What’s so bad about it?
It’s not that the Versa is a bad car that’s going to fall apart, it’s just not up to par with its competition, or by 2020 model year standards. Which is ironic, because the Nissan Versa was actually redesigned for the 2020 model year. Don’t get us wrong, the Versa definitely looks the part; it now serves up handsome exterior styling and it’s interior details look much more buttoned-up compared to the Versas of yesteryear. However, it just slightly misses the mark in becoming the car that it could be.
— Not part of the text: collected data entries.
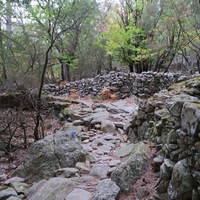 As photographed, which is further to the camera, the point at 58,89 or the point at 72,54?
the point at 72,54

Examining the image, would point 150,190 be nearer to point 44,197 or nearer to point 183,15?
point 44,197

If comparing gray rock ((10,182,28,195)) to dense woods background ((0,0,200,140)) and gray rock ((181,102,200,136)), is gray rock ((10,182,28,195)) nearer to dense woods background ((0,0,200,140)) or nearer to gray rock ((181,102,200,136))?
dense woods background ((0,0,200,140))

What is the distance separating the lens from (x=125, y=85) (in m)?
9.94

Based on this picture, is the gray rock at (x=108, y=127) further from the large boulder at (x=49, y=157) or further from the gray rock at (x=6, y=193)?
the gray rock at (x=6, y=193)

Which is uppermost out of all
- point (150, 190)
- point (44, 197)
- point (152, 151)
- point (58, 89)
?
point (58, 89)

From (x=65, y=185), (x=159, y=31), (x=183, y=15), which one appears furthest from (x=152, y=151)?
(x=159, y=31)

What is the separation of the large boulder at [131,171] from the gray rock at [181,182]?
0.76 metres

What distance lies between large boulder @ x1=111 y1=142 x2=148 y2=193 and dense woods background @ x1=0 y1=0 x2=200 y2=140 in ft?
13.0

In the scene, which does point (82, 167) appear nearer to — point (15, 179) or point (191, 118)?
point (15, 179)

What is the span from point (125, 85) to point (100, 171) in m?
6.63

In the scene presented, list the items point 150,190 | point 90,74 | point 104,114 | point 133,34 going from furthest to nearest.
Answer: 1. point 90,74
2. point 133,34
3. point 104,114
4. point 150,190

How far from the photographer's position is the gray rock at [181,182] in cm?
203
In their review of the 2020 Nissan Versa, Motortrend pointed out that the 1.6-liter, four-cylinder engine is noisy and underpowered as it has “trouble gaining speed.” Consumer Reports noted the driving dynamics as a pain point as well, saying that the Versa has a “stiff ride, dull handling, and droning engine.” We’re fully aware that consumers can’t expect much from a car that costs $15,000 – $20,000 new, however, that’s a tough sell considering other cars in the class drive much better for the same amount of money, and let’s not forget about the multitude of pre-owned cars that can be had at the price.
Is there anything good about it?
We understand that no one buys a Nissan Versa with the expectation that it’s going to be an asphalt-burning hot rod. After all, that’s what the GT-R is for, but we digress. After all, the engine only puts out 122 horsepower.
On a high note, though, the Nissan Versa’s fuel economy is still on par with competitors like the Honda Fit and Toyota Yaris at 32 in the city and 40 mpg on the highway. And while we can’t expect the interior materials to be sent from a class above, the overall interior does still look very stylish, thanks to the redesign. The control and knobs are easy to use and the infotainment system is intuitive.
However, that’s where some of the praise ends. Looks aside, Consumer Reports did point out that the driver’s seats do not have enough back support rear-seat room is cramped and has tight legroom. But again, on the plus side, it does come with standard safety features like forward collision braking and automatic emergency braking, which are features that aren’t standard on other cars in its class.
Should you avoid it at all costs?
Shopping for cars at the subcompact level is definitely “hit or miss.” At the sub-$20,000 range that the Versa is in, it’s hard to find a car that’s going to be just perfect. As such, we recommend at least checking out the Versa and if you have the means, then go for the highest SR trim level, at least you’ll have the best version of it. However, do keep in mind that there are plenty of other cars in that category like the Honda Fit, Toyota Yaris, and even the Nissan Kicks that might suit you better.